→ **WHAT THE EXERCISE ASKS**:
Quote word for word from the line holding "Sterling Silver Rhodium" to the last line below, including both, and omit any pictures.

→ **MATERIAL SUPPLIED**:
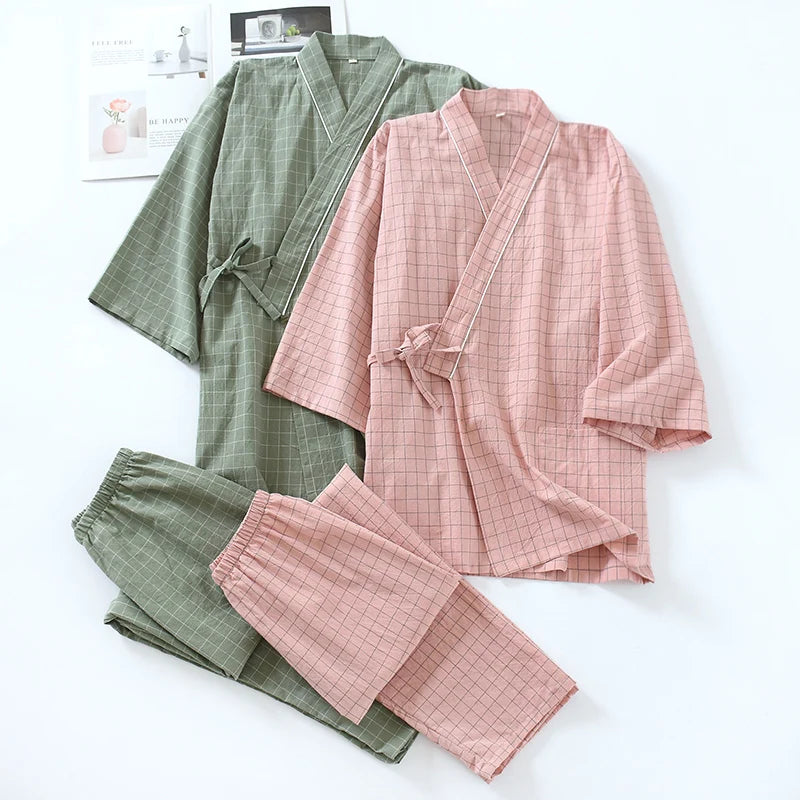 No-print Japanese women's Kimono Pajamas Spring And Autumn Book Pure Cotton Washed Cotton Yarn lace-up Home Suit Set Sweat Suit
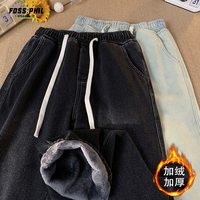  Foss Phil 加绒加厚保暖 男士牛仔裤  黑色 L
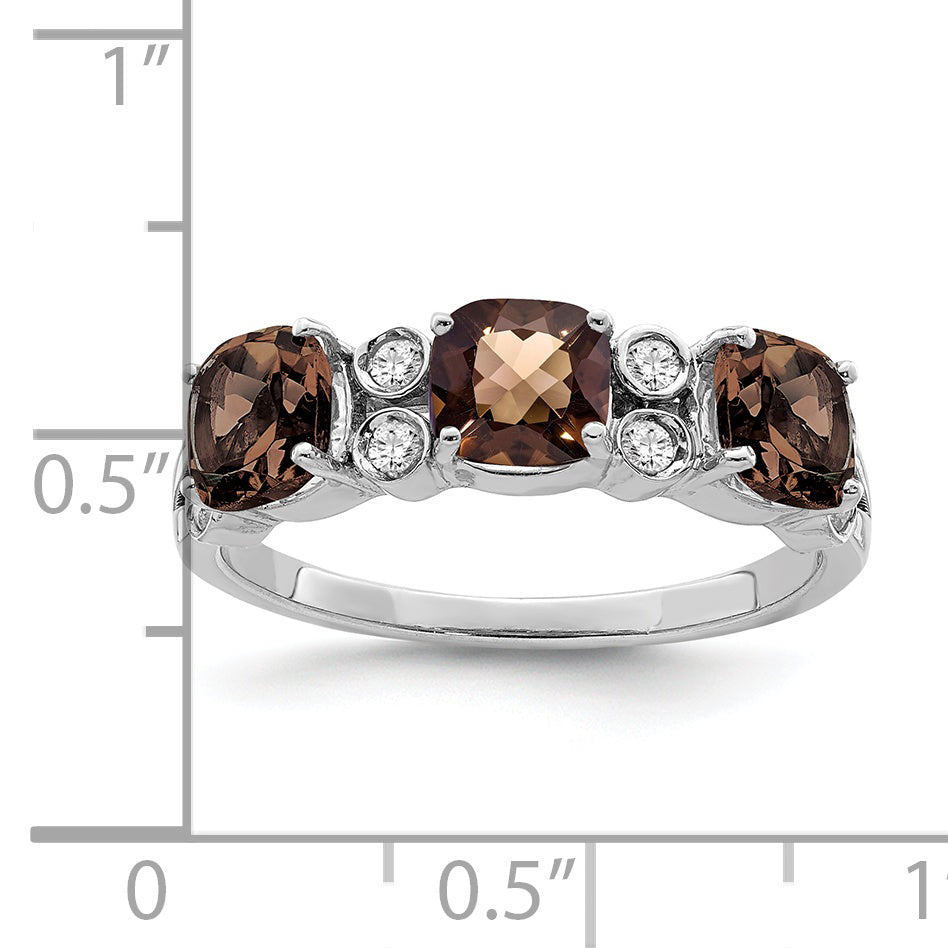 Sterling Silver Rhodium Diamond & Smoky Quartz Ring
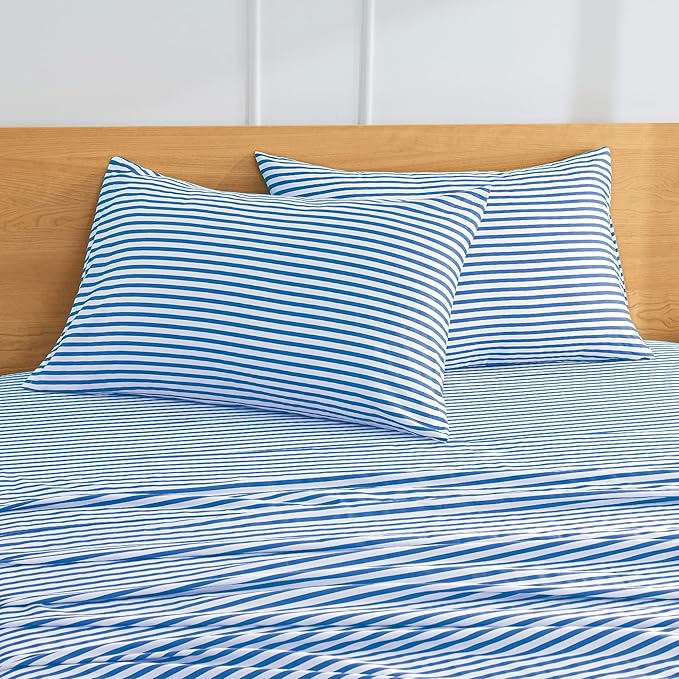 JELLYMONI 100% Natural Cotton Striped King Pillowcases Set, 2 Pack White and Blue Stripes Pattern Printed Pillow Covers with Envelope Closure(Pillows are not Included)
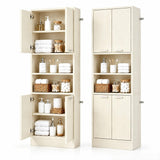 Tangkula 75" Tall Bathroom Storage Cabinet, Bathroom Floor Cabinet with 4 Doors & 2 Open Shelves
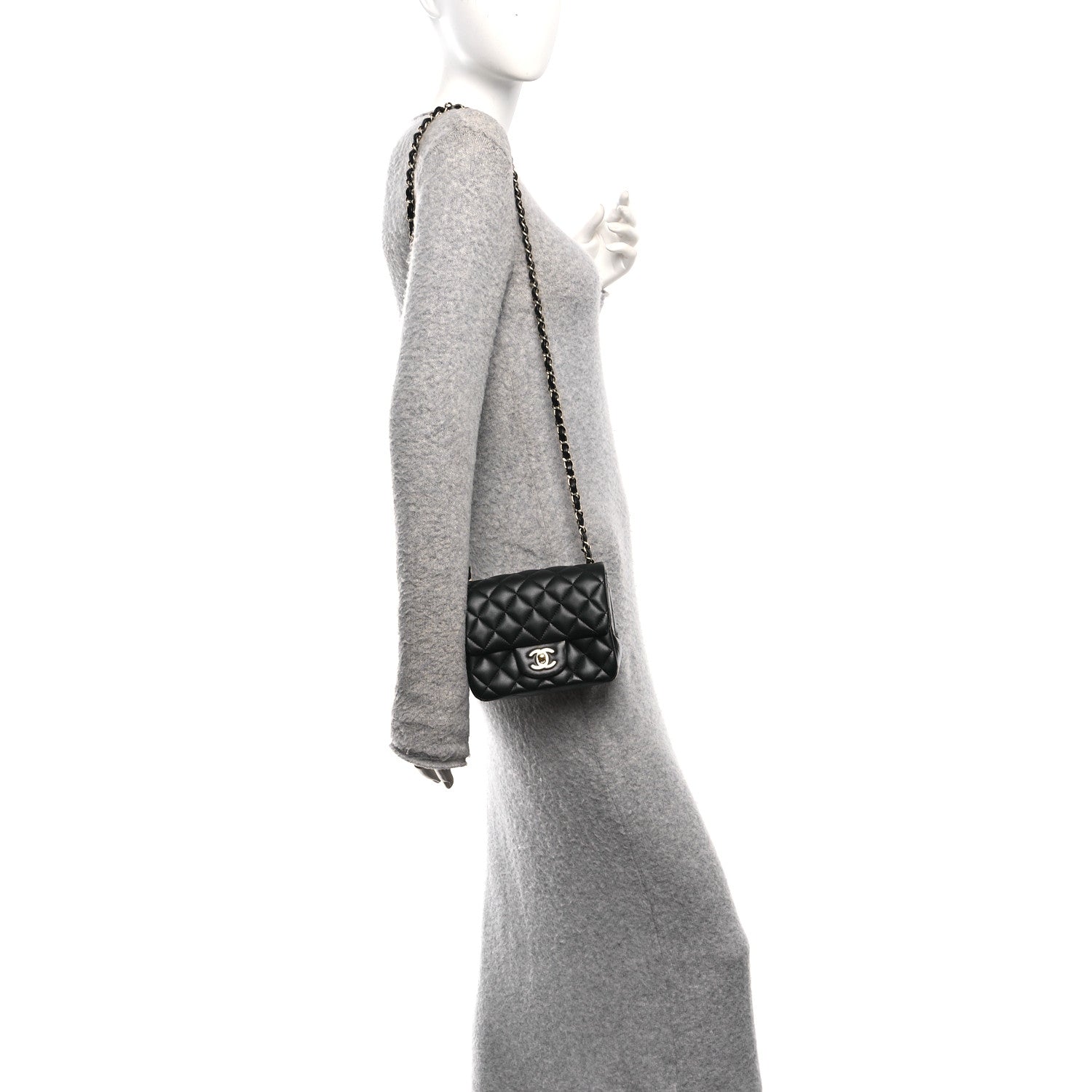 Chanel Lambskin Quilted Mini Square Flap Black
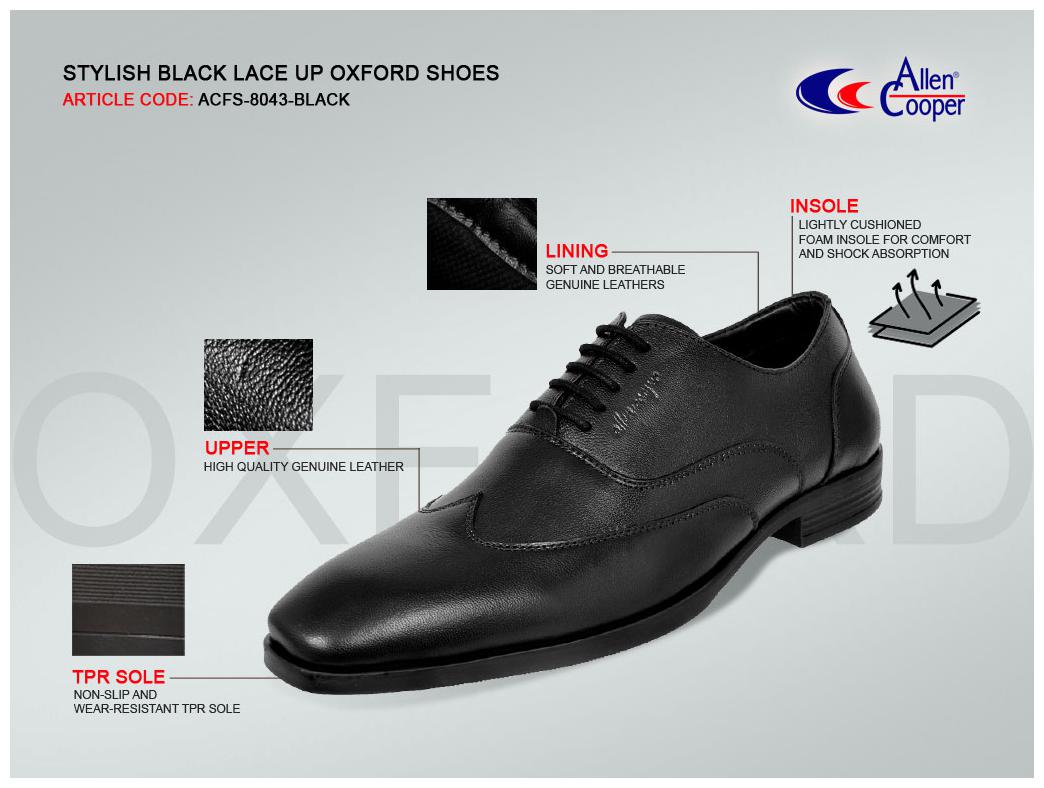 

Allen Cooper Black Formal Shoes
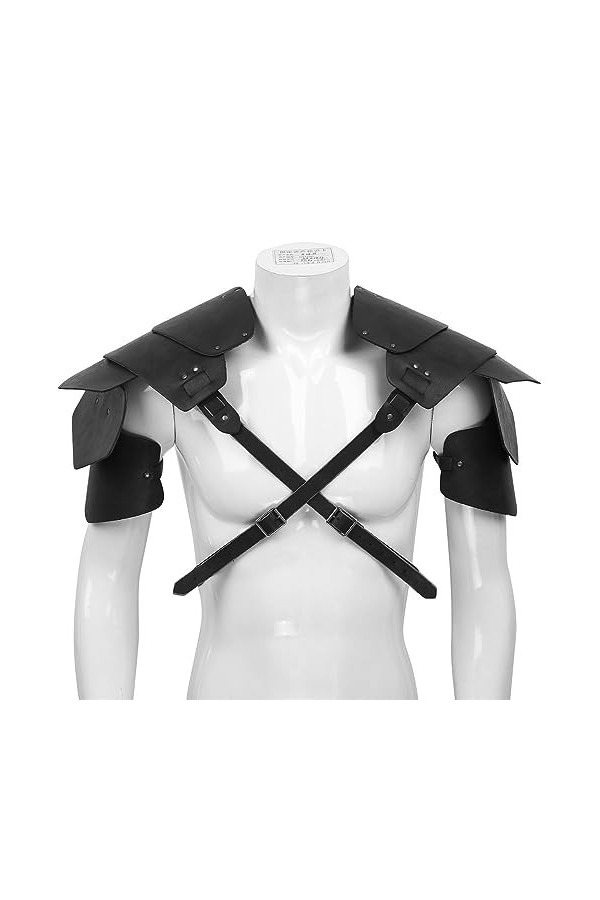 Mengsiy Ceinture de Harnais de Poitrine réglable for Hommes Sexy Chauds avec Armure dépaule discothèque Rave Costume de Perf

→ **EXPECTED ANSWER**:
 Sterling Silver Rhodium Diamond & Smoky Quartz Ring
 JELLYMONI 100% Natural Cotton Striped King Pillowcases Set, 2 Pack White and Blue Stripes Pattern Printed Pillow Covers with Envelope Closure(Pillows are not Included)
 Tangkula 75" Tall Bathroom Storage Cabinet, Bathroom Floor Cabinet with 4 Doors & 2 Open Shelves
 Chanel Lambskin Quilted Mini Square Flap Black

Allen Cooper Black Formal Shoes
 Mengsiy Ceinture de Harnais de Poitrine réglable for Hommes Sexy Chauds avec Armure dépaule discothèque Rave Costume de Perf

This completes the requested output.